→ **Information given**:

********************

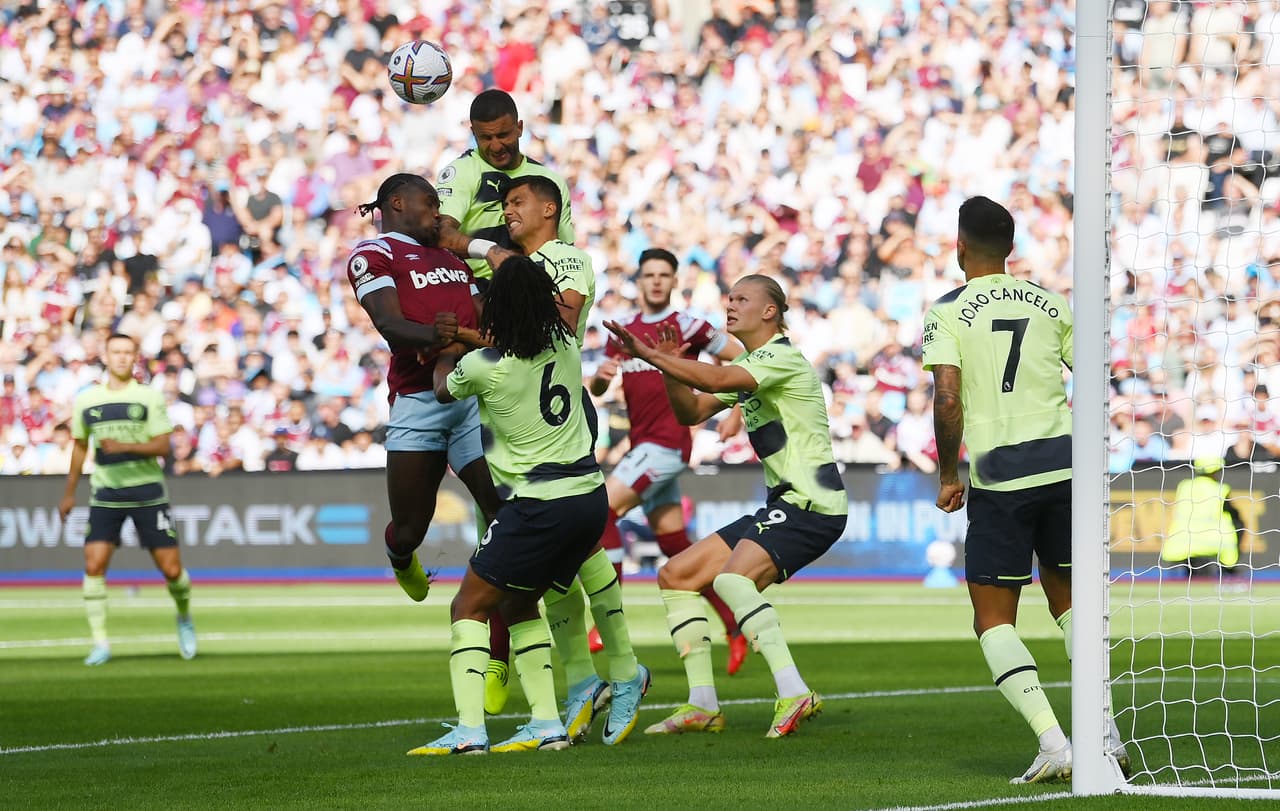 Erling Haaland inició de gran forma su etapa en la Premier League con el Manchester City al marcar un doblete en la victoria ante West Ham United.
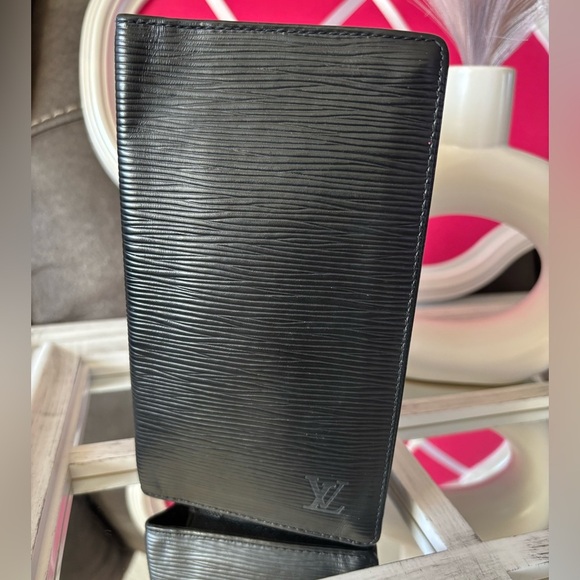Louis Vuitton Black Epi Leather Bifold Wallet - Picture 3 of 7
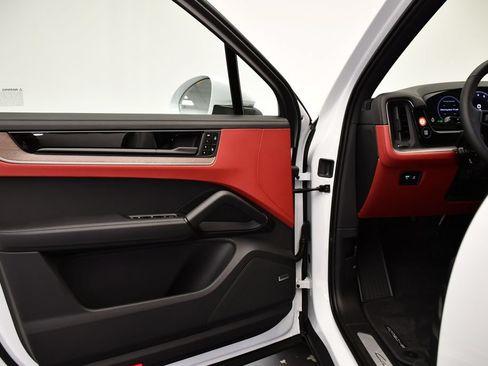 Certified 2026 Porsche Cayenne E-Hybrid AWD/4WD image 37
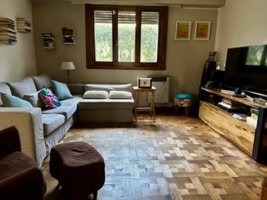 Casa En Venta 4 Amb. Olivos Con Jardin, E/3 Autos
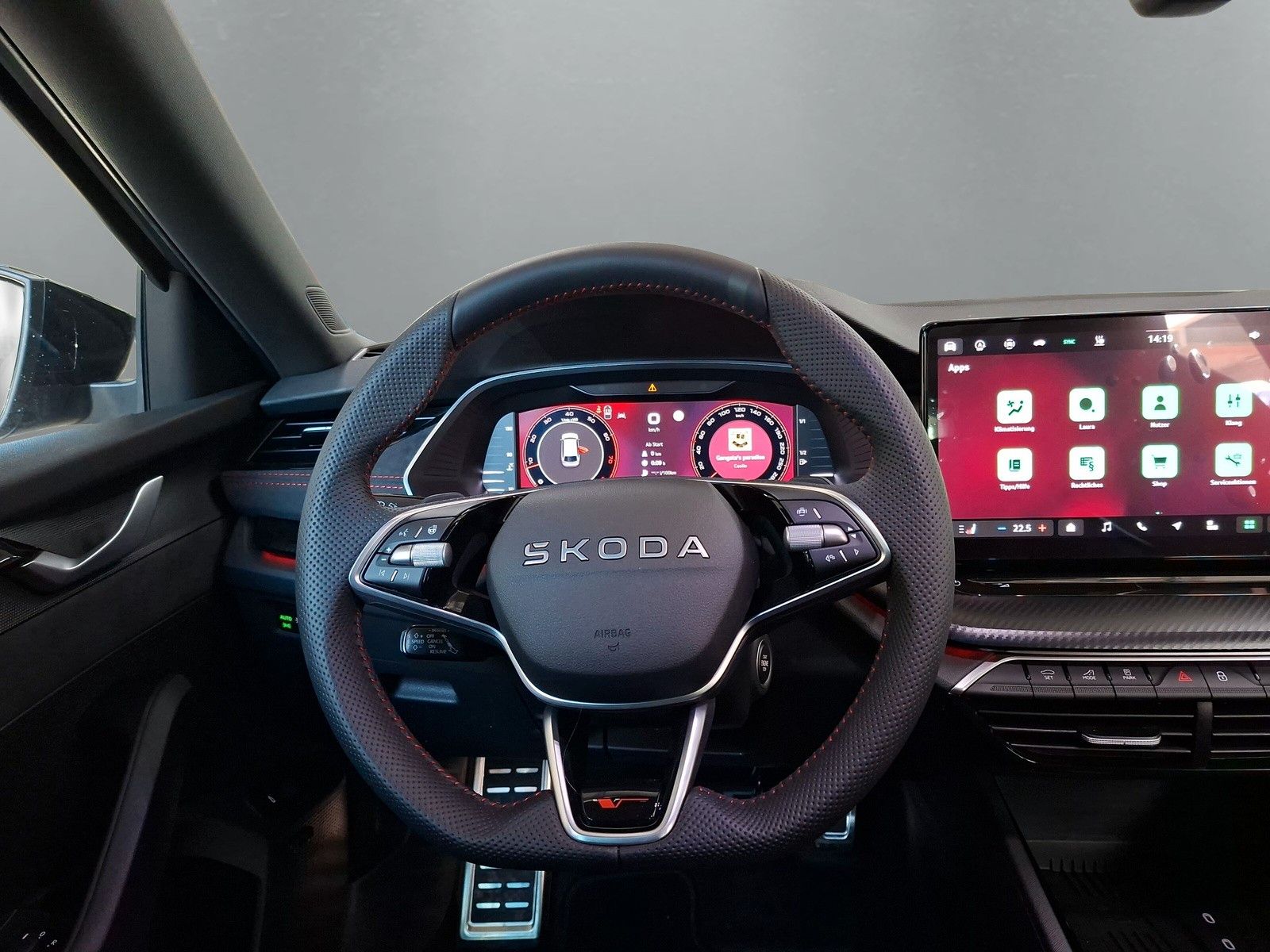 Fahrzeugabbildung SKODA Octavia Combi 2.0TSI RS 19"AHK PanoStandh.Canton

********************

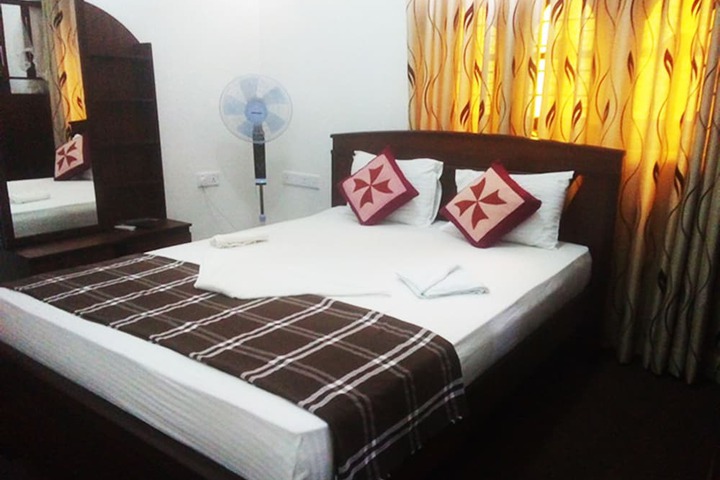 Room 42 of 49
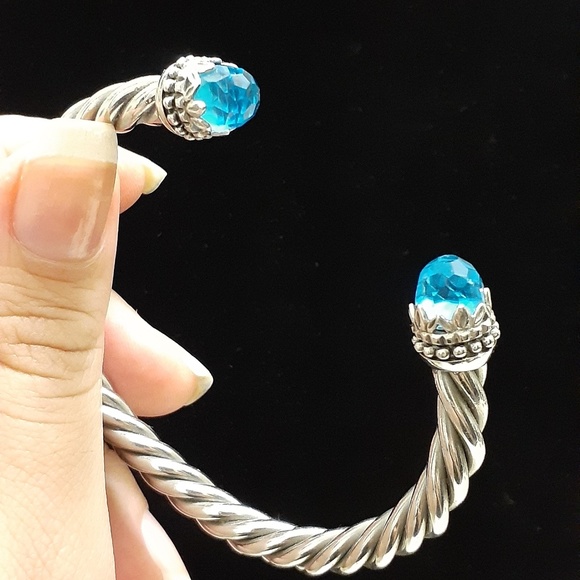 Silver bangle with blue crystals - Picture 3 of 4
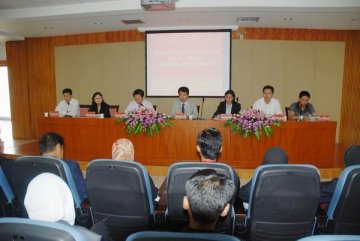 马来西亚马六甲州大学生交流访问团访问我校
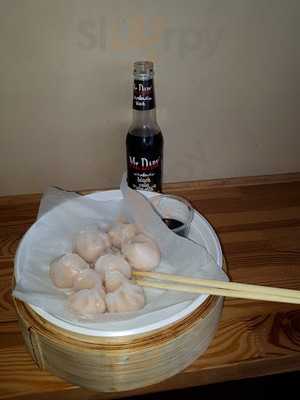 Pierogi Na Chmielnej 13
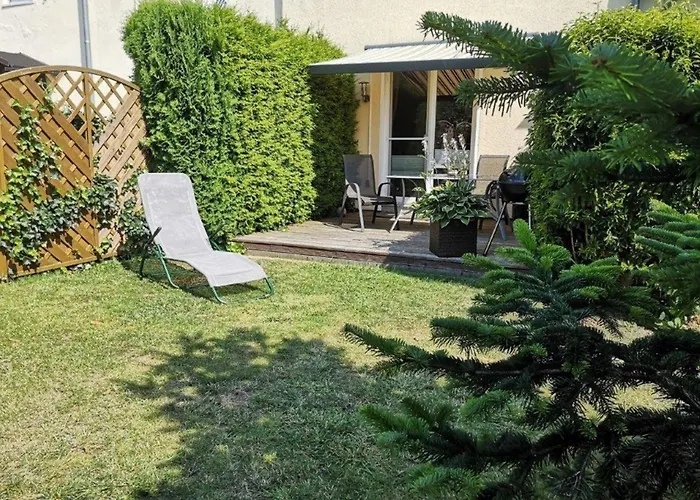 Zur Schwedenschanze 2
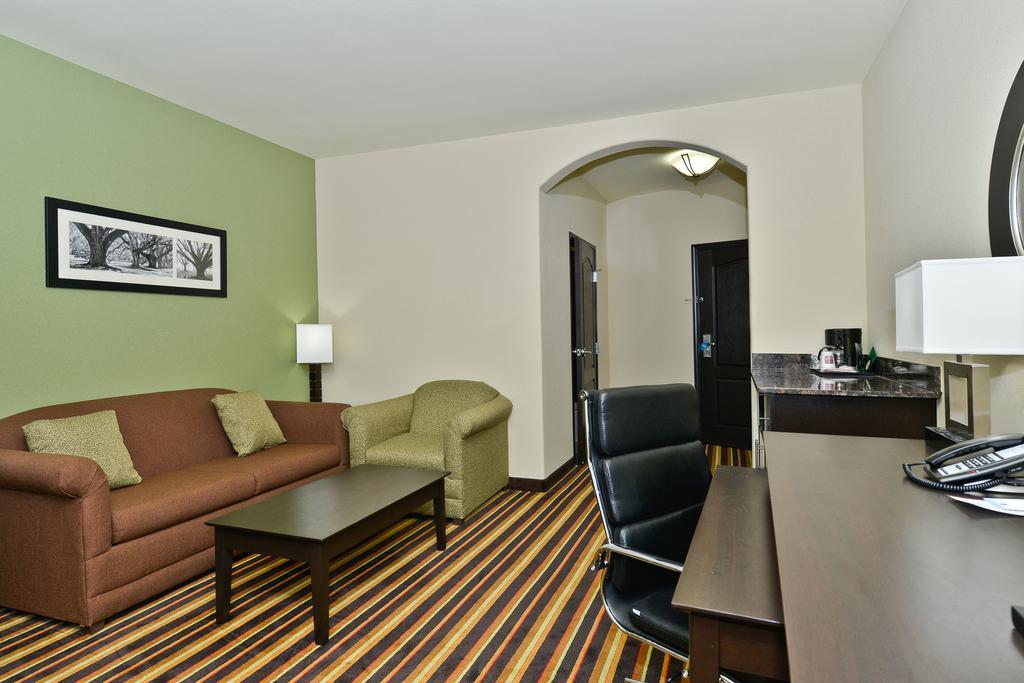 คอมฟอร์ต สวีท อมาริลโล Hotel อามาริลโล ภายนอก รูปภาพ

********************

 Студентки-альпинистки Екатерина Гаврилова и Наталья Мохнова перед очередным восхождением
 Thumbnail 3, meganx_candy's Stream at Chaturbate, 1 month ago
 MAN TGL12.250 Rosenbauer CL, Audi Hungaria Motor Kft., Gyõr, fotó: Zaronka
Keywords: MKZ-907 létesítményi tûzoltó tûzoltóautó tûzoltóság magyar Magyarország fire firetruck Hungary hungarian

********************

→ **Work request**: Taking the entries above, extract every line from the one bearing "Erling Haaland inició" through the one bearing "Fahrzeugabbildung SKODA Octavia", exactly, with no pictures.

→ **Output of the exercise**:
 Erling Haaland inició de gran forma su etapa en la Premier League con el Manchester City al marcar un doblete en la victoria ante West Ham United.
Louis Vuitton Black Epi Leather Bifold Wallet - Picture 3 of 7
 Certified 2026 Porsche Cayenne E-Hybrid AWD/4WD image 37
 Casa En Venta 4 Amb. Olivos Con Jardin, E/3 Autos
 Fahrzeugabbildung SKODA Octavia Combi 2.0TSI RS 19"AHK PanoStandh.Canton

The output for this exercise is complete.